Quantos salesianos trabalham no Egito?
LEONARDUZZI: No Cairo, somos nove; em Alexandria, onze. Alguns de nós são idosos e nem todos, até pela idade, estão diretamente envolvidos com a escola. Mas temos confrades de oitenta anos que ainda dão aulas. Costumamos dizer que nós, salesianos, nunca nos aposentamos.
Imagens do Instituto Dom Bosco do Cairo
LEONARDUZZI: Não. Existem os irmãos das escolas cristãs, os jesuítas e algumas ordens de religiosas, que administram alguns dos institutos mais procurados do país. Mas, como escola profissionalizante, dirigida aos jovens daqui, somos só nós.
Na escola convivem estudantes cristãos e muçulmanos?

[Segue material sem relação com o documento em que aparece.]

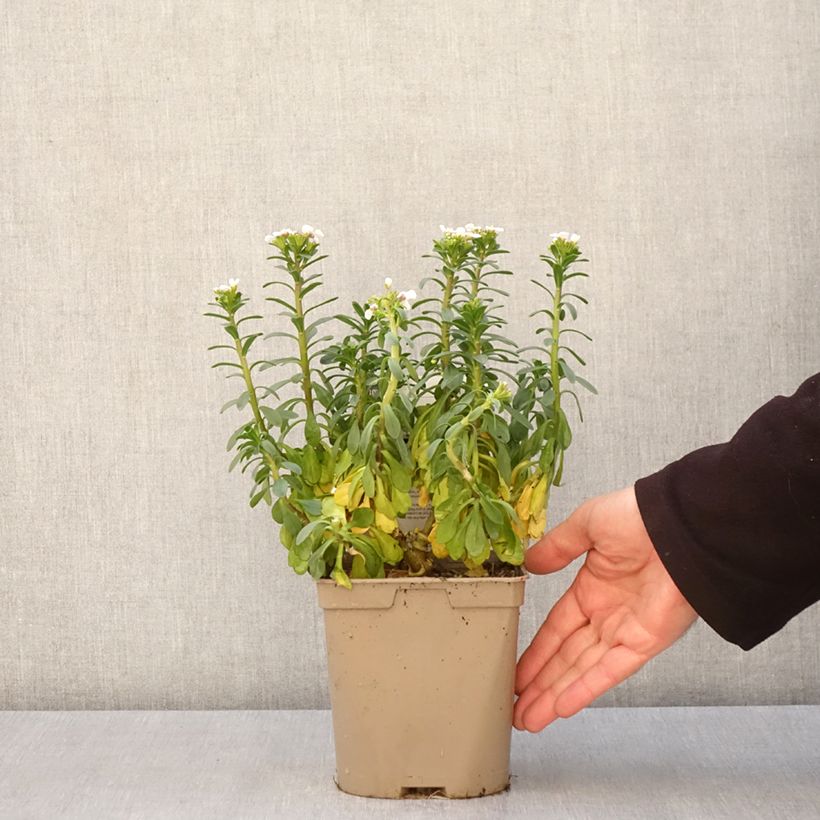 Spécimen de Iberis sempervirens Masterpiece - Corbeille d'argent  Pot de 2L/3L tel que livré au printemps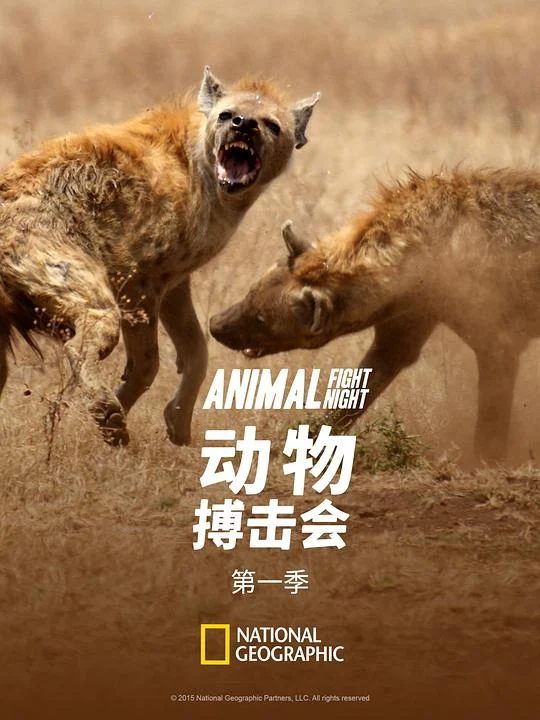动物搏击会 第一季 (2013) 中文字幕 1080P/4K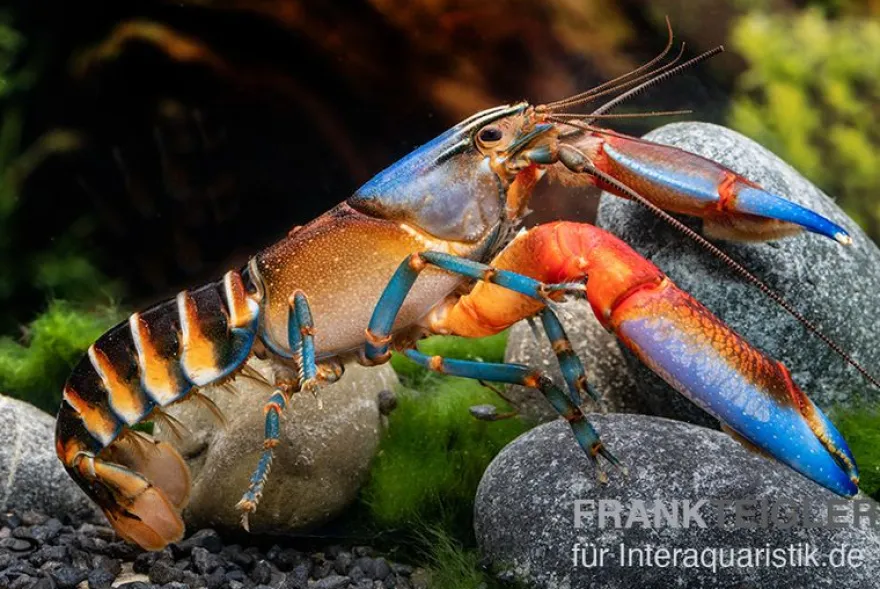 "Blue Claw" Tigerkrebs, Cherax peknyi var. "Blue Claw" - Zufällig
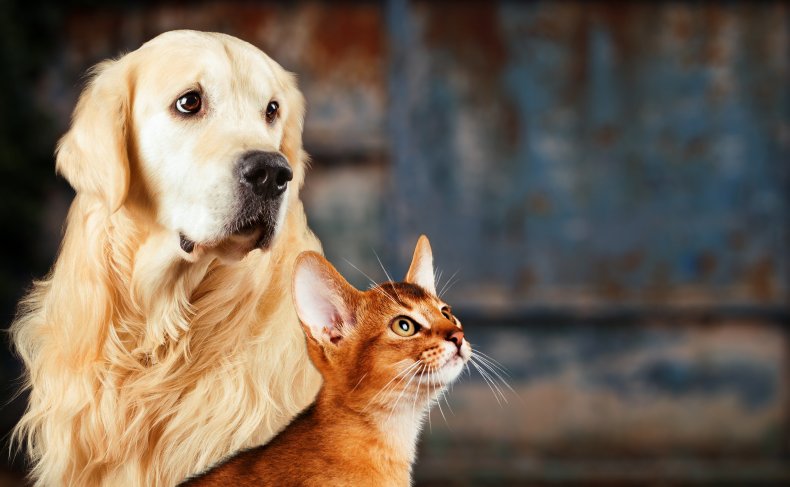 A cat with a golden retriever dog.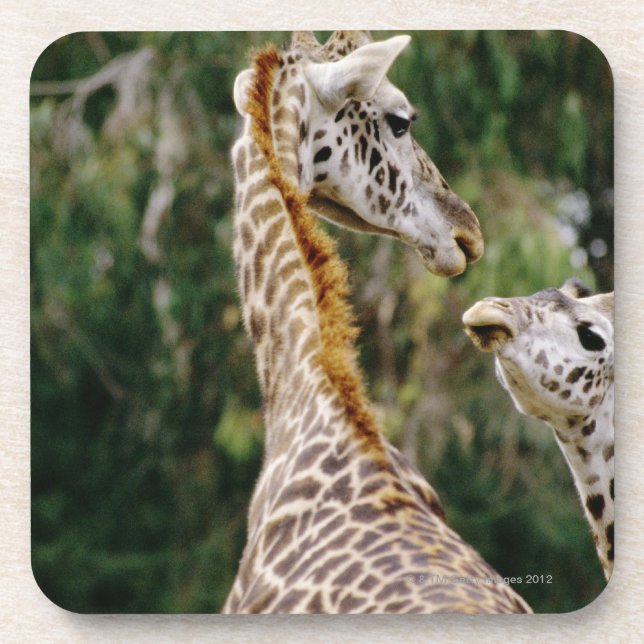Giraffes Coaster (Front)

LEONARDUZZI: No Cairo, os estudantes cristãos, quase todos coptas ortodoxos, são maioria, 68% contra 32% de muçulmanos. Em Alexandria, os percentuais são invertidos: 30% são cristãos e 70%, muçulmanos. Os cristãos – que estima-se que representem entre 7 e 10% da população do Egito – certamente são atraídos pelo fato de sermos uma escola católica, mas, infelizmente, também em conseqüência dos problemas que começam a surgir para eles nas escolas públicas. Lamentavelmente, a convivência nestes últimos tempos vem se tornando cada vez mais difícil, e o clima fica a cada dia mais pesado. Nada que se possa comparar à serenidade que respirávamos quando cheguei ao país, entre as décadas de 1960 e 1970.
As escolas de vocês também sofrem as conseqüências desse clima?
LEONARDUZZI: Graças a Deus, não. Episódios de tensão entre estudantes cristãos e muçulmanos são muito raros. Os jovens, e também os professores muçulmanos que temos, percebem o clima de respeito e estima que respiramos no Dom Bosco. Nos momentos de reflexão comum, procuramos sublinhar os temas que nos unem, o respeito, a partilha do estudo e do divertimento, a amizade sincera e desinteressada. Viver, estudar e brincar juntos por tantos anos permite o surgimento de amizades que se criam espontaneamente, sem perceber, e contribui para derrubar desconfianças e preconceitos. Aliás, eu creio que essa seja a única condição capaz de desenvenenar o clima e de criar relações serenas entre todos. Há alguns anos, um jovem muçulmano, pouco antes dos exames finais, me confidenciou: “Quando eu entrei aqui, odiava os cristãos, porque tinha aprendido assim. Hoje, foi justamente entre eles que fiz minhas melhores amizades”.